"O Jornal", 25 de janeiro de 1935 – "Diário de S. Paulo", 26 de janeiro 1935
Erro imperdoável
Foi apresentado à Câmara dos Deputados um projeto de lei que propõe o reatamento de nossas relações diplomáticas com a Rússia Soviética. É mais uma tentativa que se faz no sentido de uma aproximação soviético-brasileira. Esperamos que o bom senso de nossa gente nos livre, ainda desta vez, de um erro diplomático que, sobre ser de problemática vantagem comercial, acarretará certamente, para o Brasil, funestíssimos prejuízos de ordem interna.
É flagrante a inoportunidade da medida proposta. Ainda está quente o sangue vertido no largo da Sé em São Paulo, em Bauru, em Itajubá, por defensores da ordem golpeados, no cumprimento do dever, por agitadores comunistas. Não é um distúrbio isolado, mas são três conflitos gravíssimos, que vêm manifestar a intensidade de uma propaganda que já mostra suas garras até no interior do País, em plena roça de São Paulo e de Minas. E não é só nestes três lugares que a propaganda soviética estende seus tentáculos. Informações que nos vêm de toda a parte provam que é de norte a sul que se trabalha e se conspira contra a ordem social, procurando aproveitar as dificuldades financeiras do momento presente, como pretexto para greves e agitações em que se percebe facilmente a ação do levedo de Moscou. É ainda recentíssimo o caso dos Correios, em que funcionários indisciplinados, alegando motivos parcialmente justos, tiveram a inconcebível audácia de se pôr em greve contra o próprio Estado, rugindo em todos os tons sua indignação, a despeito da intervenção tímida e conciliatória das autoridades.
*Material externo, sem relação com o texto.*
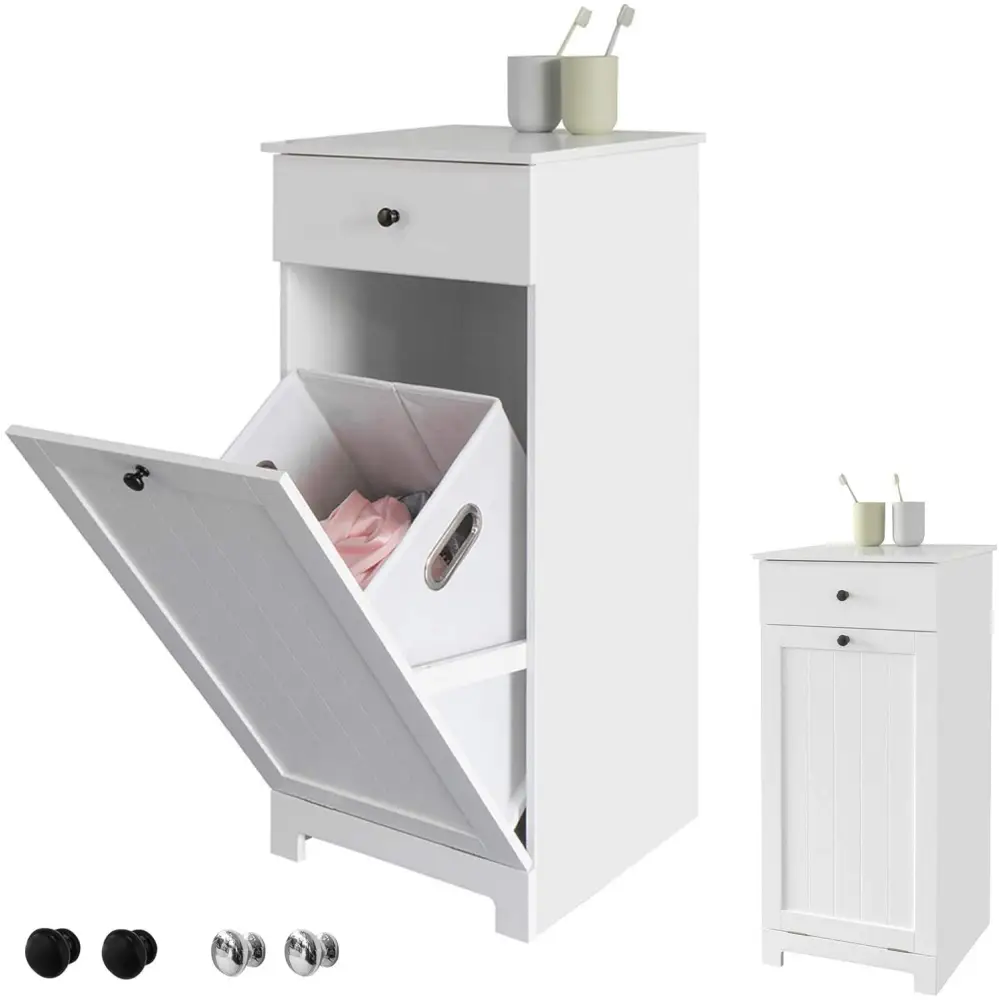 White Bathroom Cabinet with Laundry Basket and Drawer - Home & Garden > Storage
O que há de perigoso e de prejudicial em tais perturbações, exatamente no momento em que o Brasil procura normalizar sua vida constitucional, refazendo-se dos abalos de quatro anos de regime discricionário, qualquer pessoa de bom senso mediano poderá dizê-lo.
Estamos em situação econômica precária. Os erros acumulados de há muito estão fazendo explodir agora suas conseqüências funestas e numerosas. Ainda há dias, vimo-nos forçados – sabe Deus com que prejuízo para nosso renome – a suspender em parte, os pagamentos de nossa dívida externa. Nossa situação financeira é das mais melindrosas. Nossa situação política está longe de ser tranqüilizadora. Como qualquer doente, o Brasil precisa, para se restabelecer, de um ambiente calmo, em que se possam desenvolver livremente as atividades produtoras do nosso corpo social. A propaganda extremista que se infiltra entre nós, favorecida por uma Constituição exageradamente liberal, constitui, sob este aspecto, um perigo particularmente digno de medidas acautelatórias.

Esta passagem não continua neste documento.